=== Section Start ===

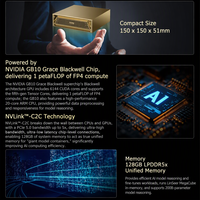 Station de travail de bureau H3C MegaCube AI avec superpuce GB10, 1 PetaFLOPS, 128 Go de mémoire unifiée, serveur IA mini pour inférence locale de LLM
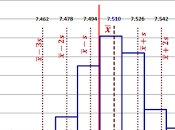 Learn Create Histograms Easily.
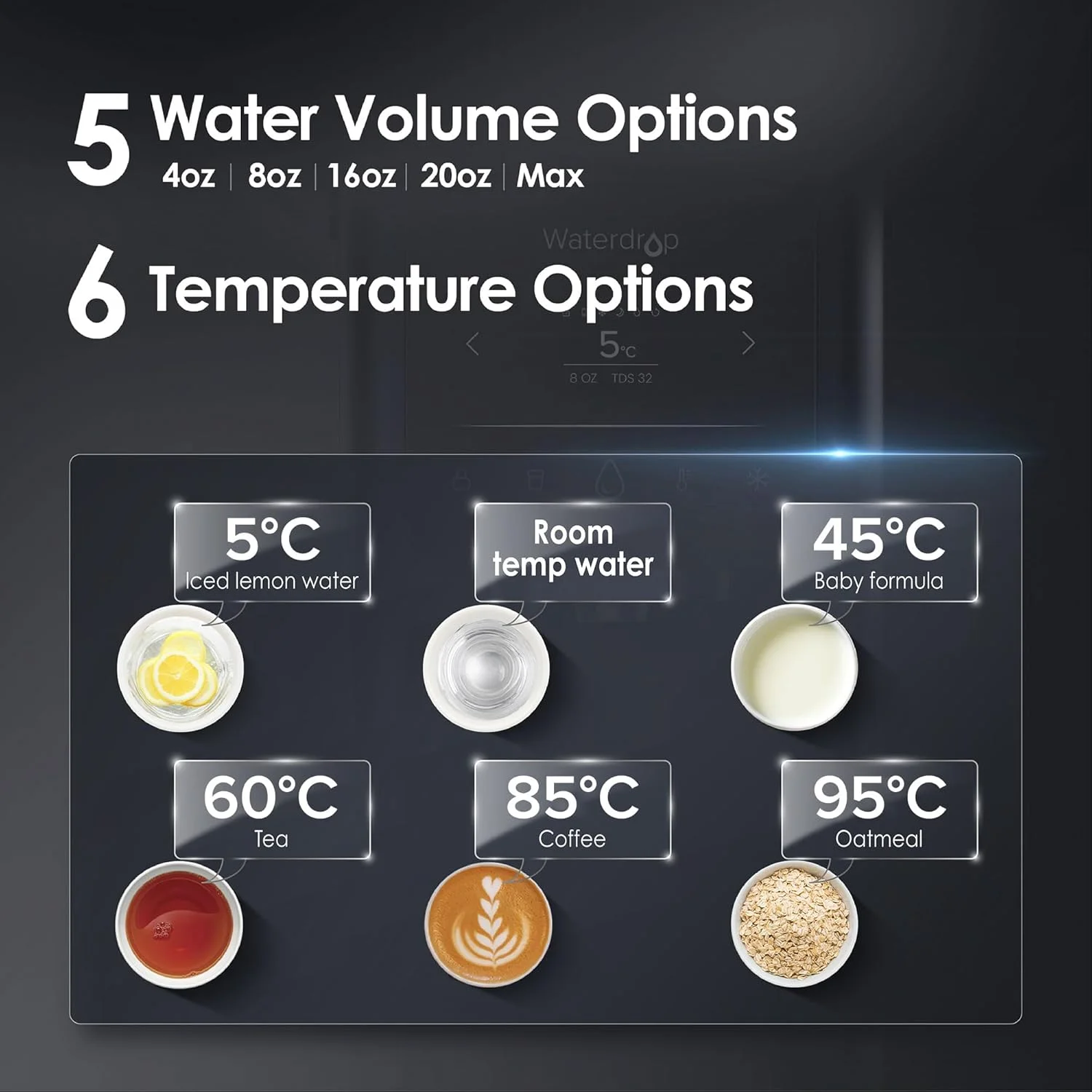 دستگاه تصفیه آب رومیزی Waterdrop WD-A1 با سیستم اسمز معکوس، دارای آبسردکن و آبگرمکن، استاندارد NSF/ANSI 58، خنک کننده آب بدون نیاز به بطری، 6 تنظیمات دما دستگاه تصفیه آب رومیزی Waterdrop WD-A1 با سیستم اسمز معکوس، دارای آبسردکن و آبگرمکن، استاندارد NSF/ANSI 58، خنک کننده آب بدون نیاز به بطری، 6 تنظیمات دما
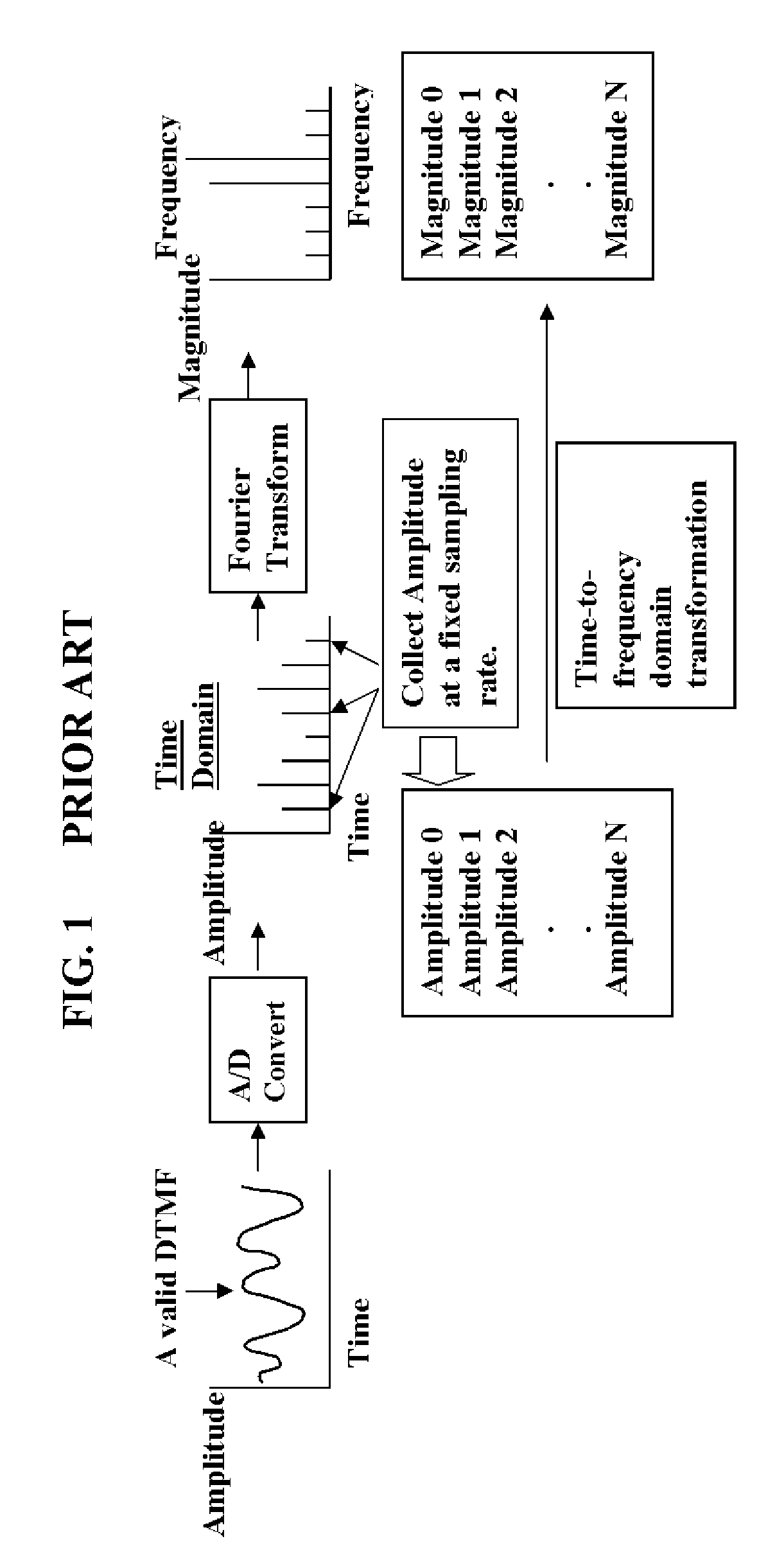 Method and apparatus for decoding DTMF tones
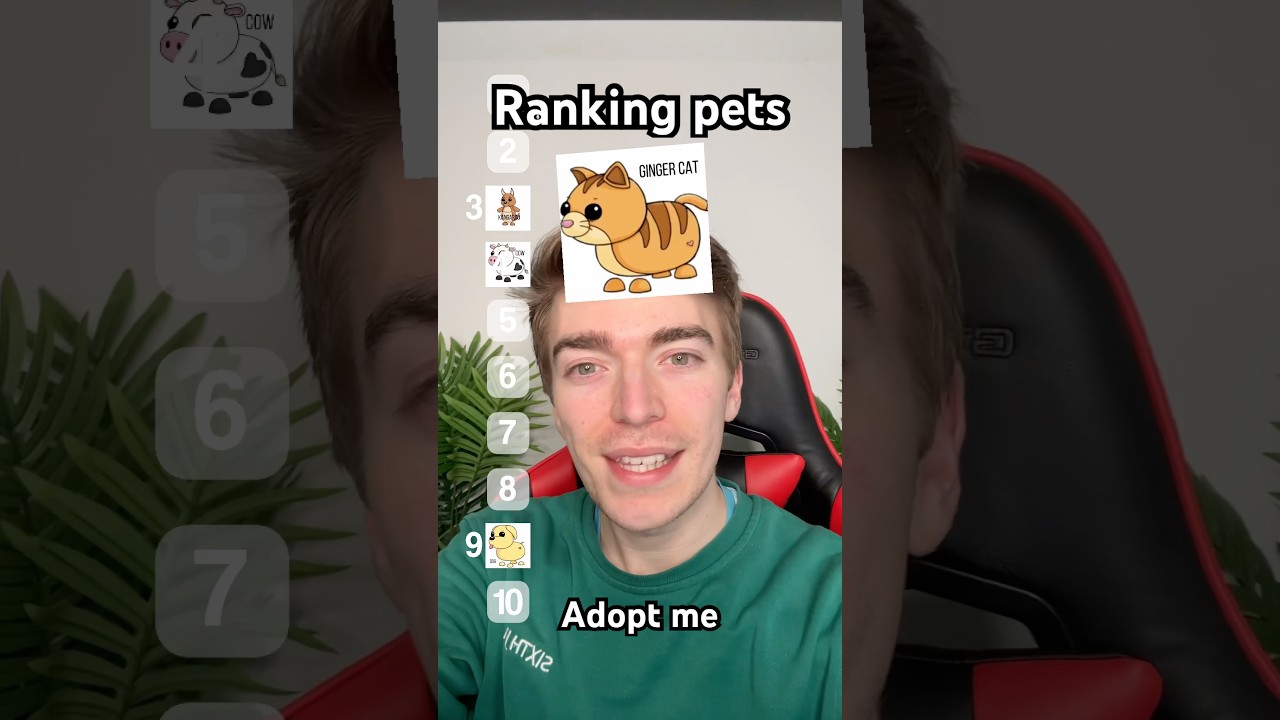 Ranking Classic Adopt Me Pets! #roblox #adoptme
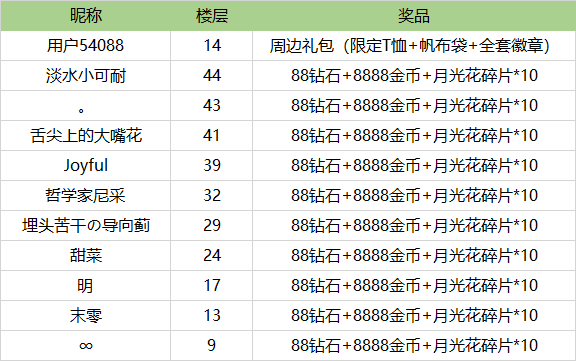 【獲獎名單公示】【有獎徵集】中秋節特別篇！原創表情包徵集大賽|植物大戰殭屍2 - 第2張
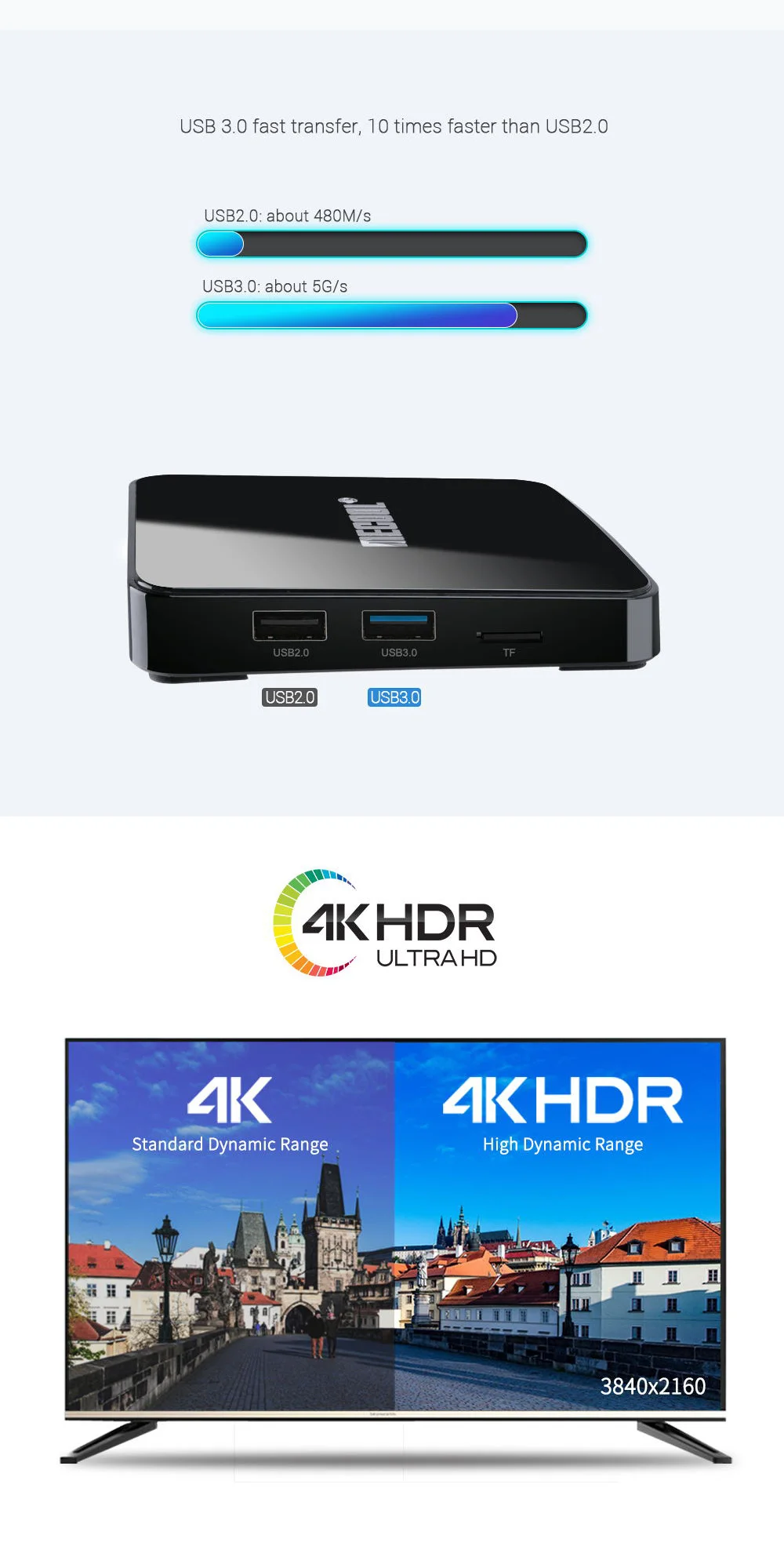 Mecool Android 9,0 4 K tv Box KM3 Amlogic S905X2 4 Гб DDR4 ram 128 ГБ rom 5G wifi bluetooth 4,0 Smart box для Youtube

=== Section End ===

→ **Your task**
Give again, word for word, every line from the top of the data through the line with "Learn Create Histograms Easily.", both ends included, and exclude the pictures.

→ **Written response**
 Station de travail de bureau H3C MegaCube AI avec superpuce GB10, 1 PetaFLOPS, 128 Go de mémoire unifiée, serveur IA mini pour inférence locale de LLM
 Learn Create Histograms Easily.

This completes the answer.